Country run as unitary state

"Now, in a clear sign of the erosion of the rule of law, agreements that structured state-federal relations over matters such as the distribution of the petroleum revenue are casually ignored.

“Malaysia is a federation of sovereign entities, but one of the consequences of authoritarianism has been that it has come to be run habitually as a unitary state.

“We have to learn again how to be a federation."

The former finance minister said while shortcuts in governance may appear to work for a while, they wreak long-term havoc on the institutional capability of a nation.

"What is clear is that there is no secure basis for long-term growth without a return to strong institutions, transparency and good government.

"The challenges of economic development, nation-building and institutional integrity are linked, more so in complex countries like Malaysia.

"The success of Asean collaborative measures depends on the core countries taking a lead, and it is in everyone’s interest that these countries have strong democratic institutions and the rule of law.

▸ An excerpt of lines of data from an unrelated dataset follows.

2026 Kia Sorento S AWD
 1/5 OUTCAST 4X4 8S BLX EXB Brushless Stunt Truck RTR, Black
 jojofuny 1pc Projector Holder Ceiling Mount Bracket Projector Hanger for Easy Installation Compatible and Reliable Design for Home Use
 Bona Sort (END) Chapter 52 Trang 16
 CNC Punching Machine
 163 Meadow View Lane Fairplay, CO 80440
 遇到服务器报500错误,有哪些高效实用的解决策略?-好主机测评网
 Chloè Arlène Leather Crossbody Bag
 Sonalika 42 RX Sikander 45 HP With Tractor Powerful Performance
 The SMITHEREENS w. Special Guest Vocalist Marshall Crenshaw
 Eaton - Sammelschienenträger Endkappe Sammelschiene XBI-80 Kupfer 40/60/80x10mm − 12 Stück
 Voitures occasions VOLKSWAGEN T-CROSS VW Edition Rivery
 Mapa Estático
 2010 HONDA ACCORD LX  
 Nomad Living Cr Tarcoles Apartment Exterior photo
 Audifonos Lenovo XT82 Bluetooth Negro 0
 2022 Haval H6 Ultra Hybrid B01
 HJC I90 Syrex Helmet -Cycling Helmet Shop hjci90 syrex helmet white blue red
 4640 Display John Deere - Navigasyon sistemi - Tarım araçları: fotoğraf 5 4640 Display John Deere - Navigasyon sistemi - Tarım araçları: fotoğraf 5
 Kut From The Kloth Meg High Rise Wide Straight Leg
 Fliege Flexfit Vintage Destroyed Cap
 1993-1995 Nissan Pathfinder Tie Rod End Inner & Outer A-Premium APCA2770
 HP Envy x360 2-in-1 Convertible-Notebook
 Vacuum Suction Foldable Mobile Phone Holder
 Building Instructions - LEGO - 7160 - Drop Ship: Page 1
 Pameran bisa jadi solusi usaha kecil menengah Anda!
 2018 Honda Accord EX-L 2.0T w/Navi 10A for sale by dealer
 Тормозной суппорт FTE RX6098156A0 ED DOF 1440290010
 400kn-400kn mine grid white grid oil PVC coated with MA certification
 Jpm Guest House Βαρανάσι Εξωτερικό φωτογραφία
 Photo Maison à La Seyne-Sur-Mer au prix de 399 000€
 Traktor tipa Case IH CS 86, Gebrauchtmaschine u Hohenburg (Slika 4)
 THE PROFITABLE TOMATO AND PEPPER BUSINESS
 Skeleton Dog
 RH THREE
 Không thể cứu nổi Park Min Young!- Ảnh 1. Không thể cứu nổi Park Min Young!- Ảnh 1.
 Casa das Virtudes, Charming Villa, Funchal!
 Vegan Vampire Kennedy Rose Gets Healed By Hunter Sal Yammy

Going from crisis to crisis


"When countries lack good governance and transparency, domestic economies falter, domestic politics goes from crisis to crisis, and the country turns inwards and away from engaging constructively with the real world and with their neighbours."

Tengku Razaleigh said the economic success of Asean economies up to the 90s was based, in part, on the superiority of their institutional frameworks to those of Eastern Europe and South America. In the early days, Malaysia and Singapore played leading roles in Asean.

“The present Prime Minister (Najib Abdul Razak) has made some helpful gestures towards liberalising the economy and pursuing more multiracial policies.

“These initiatives, however, must do more than skim the surface of what must be done.

"Malaysia is in need of fundamental reforms. The reforms we need include, at minimum:

- An overhaul of the party system which rules out racially exclusive parties from facing directly contesting elections. This will inaugurate a new era of post-racial politics.

- The restoration of the independence of the judiciary and the freedom of the media, and

- An all-out war on corruption, the root of all the evils in nation-building and economic development.

"The greater economic collaboration we aspire to in Asean requires that we pay attention to the internal conditions in each country that make it possible.

"We need to place the promotion of governance and institutional reform on the Asean agenda.”